The Southern Way is the name Tourism New Zealand has given to the network of routes linking the south of the South Island into one explorable loop. From Oamaru and Dunedin on the east coast, down to the Catlins and Stewart Island, through Murihiku Southland and into Fiordland before the icing on the cake of Queenstown, Wānaka and Central Otago (or at least that’s how we’d frame it).

Most visitors drive it over a week to ten days, taking in Milford Sound, the Catlins coastline and the albatross colonies of the Otago Peninsula along the way. It’s a genuinely remarkable route. The renewed direct flights between Dunedin and Australia have made the whole loop considerably easier to access. Time depending, some visitors fly into Dunedin and out of Queenstown completely ‘one half’ of the loop in a visit. Those with more time go ‘all the way round’ or simply choose to linger longer along the way.
Naturally, I’d encourage you to invest the lingering time in the Southern Lakes where a week is never enough let alone a day per place. The section that passes through Queenstown, Wānaka and Central Otago is the part of the Southern Way where slow travel makes the most sense. If the Southern Way is your gateway to the Southern Lakes, plan to stay a while…
Settlements separated by mountain ranges and single lane highways create infinite awe-moments
Queenstown and Wānaka sit about an hour apart via the Crown Range, New Zealand’s highest sealed road, with Arrowtown roughly twenty minutes from Queenstown in between. Between the three, there’s skiing, lake access, walking into genuine wilderness, a photogenic gold rush town, and enough high-octane activities to keep people coming back for more.
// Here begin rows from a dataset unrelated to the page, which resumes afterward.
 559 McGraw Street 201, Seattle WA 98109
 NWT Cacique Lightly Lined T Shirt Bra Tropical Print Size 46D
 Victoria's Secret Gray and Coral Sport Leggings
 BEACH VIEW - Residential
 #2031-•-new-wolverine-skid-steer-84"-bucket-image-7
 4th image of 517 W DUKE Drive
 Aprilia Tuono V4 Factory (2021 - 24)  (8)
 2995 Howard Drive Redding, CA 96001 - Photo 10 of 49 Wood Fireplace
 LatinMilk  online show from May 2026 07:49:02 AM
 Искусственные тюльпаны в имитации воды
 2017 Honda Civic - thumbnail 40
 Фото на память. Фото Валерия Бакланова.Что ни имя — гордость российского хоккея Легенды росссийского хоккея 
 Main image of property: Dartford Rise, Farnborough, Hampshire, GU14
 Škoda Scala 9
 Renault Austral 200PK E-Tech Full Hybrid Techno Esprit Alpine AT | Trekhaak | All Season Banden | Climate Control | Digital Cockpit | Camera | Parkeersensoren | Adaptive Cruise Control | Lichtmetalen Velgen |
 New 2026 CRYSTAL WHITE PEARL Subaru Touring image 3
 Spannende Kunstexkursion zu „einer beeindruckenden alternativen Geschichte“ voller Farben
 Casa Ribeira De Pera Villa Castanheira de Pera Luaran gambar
You don’t have to choose between the two. Treating the two larger towns as interchangeable misses what makes each one worth the time. Queenstown’s energy and infrastructure, and Wānaka’s pace and proximity to Mount Aspiring National Park are different experiences, and several nights in each gives you both rather than a blur of one.
Don’t have that amount of time? Try to find at least 3 nights for each.
Wine country has more depth than the cellar door circuit suggests
Most visitors stop in Gibbston, twenty minutes from Queenstown, where Peregrine’s winged roofline, and smaller operations like The Church sit along the gorge road. It’s a good introduction and the valley’s certification as a Dark Sky Park in 2024 makes an evening here worth as much as an afternoon. The Gibbston Tavern is a great excuse to hang around after the cellar doors have closed for the day.

While the wine story might be strongest here – certainly from a tourism perspective – it goes further, and the person most associated with it is Alan Brady. He founded Gibbston Valley Winery 40 years ago, brought in Grant Taylor as Valli’s first winemaker, and later started Mount Edward. When he tried to retire in the mid-2000s he ended up founding Wild Irishman instead, which he’s fighting to keep small and focused on producing the best pinot noir in the world with fellow Northern Irishman Brian Shaw. They have just eight vineyards, drawing fruit from sites across the region including both sides of the river in Alexandra, Bannockburn and Gibbston. The wines trace a wide map and show-off the influences of Central Otago’s varying terroir and sometimes simply the impact of altitude. To taste these wines head to Kinross, back in Gibbston, which acts as Wild Irishman’s cellar door.
Out around Alexandra and Earnscleugh, in orchard country with fewer cellar doors, guided wine and driver tours reach producers many visitors never get to. It’s the kind of detour that explains why people who’ve spent real time here talk about Central Otago Pinot Noir the way others talk about Burgundy. If you cycle the Otago Central Rail Trail do stop at Ruru and Dunstan Road Wines for first-hand tastings with vineyard owners who impart their passion generously (yet humbly. And for those tackling the Lake Dunstan Trail then Carrick is your natural port of call and you’ll both be glad of the rest and grateful for what awaits!
Driving the South Islands roads is part of the experience
The Crown Range road between Queenstown and Wānaka climbs to just over 1,100 metres and passes through Cardrona village on the way down. The alternative route, via the Kawarau Gorge and Cromwell, follows Lake Dunstan through orchard and vineyard country with a completely different character.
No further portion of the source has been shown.